§ **LISTED RECORDS**:
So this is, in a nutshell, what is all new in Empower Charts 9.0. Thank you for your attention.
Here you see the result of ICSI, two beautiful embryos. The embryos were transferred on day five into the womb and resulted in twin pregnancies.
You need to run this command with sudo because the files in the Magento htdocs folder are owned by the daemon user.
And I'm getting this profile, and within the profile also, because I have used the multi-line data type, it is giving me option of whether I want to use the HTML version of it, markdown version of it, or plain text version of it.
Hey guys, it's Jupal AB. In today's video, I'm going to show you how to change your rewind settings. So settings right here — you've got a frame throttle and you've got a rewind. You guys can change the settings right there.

==

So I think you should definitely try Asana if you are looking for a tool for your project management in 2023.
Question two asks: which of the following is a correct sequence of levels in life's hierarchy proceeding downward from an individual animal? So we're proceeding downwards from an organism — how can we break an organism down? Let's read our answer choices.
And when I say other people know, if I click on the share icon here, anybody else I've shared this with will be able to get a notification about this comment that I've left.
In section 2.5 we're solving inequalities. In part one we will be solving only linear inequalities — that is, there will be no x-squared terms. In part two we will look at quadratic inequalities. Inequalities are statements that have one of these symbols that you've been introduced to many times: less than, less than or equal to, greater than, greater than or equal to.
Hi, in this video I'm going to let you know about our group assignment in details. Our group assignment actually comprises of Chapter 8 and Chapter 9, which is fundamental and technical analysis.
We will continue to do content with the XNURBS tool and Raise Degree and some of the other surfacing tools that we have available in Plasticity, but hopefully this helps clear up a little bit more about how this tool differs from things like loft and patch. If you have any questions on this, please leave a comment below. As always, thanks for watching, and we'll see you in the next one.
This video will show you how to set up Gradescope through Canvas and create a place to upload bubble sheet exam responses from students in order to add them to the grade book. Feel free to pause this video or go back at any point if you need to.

§ **TASK TO COMPLETE**: Everything above from the line containing "So this is, in" through the line containing "You need to run" must be copied exactly. Nothing outside that range belongs in the answer.

§ **OUTPUT BELOW**:
So this is, in a nutshell, what is all new in Empower Charts 9.0. Thank you for your attention.
Here you see the result of ICSI, two beautiful embryos. The embryos were transferred on day five into the womb and resulted in twin pregnancies.
You need to run this command with sudo because the files in the Magento htdocs folder are owned by the daemon user.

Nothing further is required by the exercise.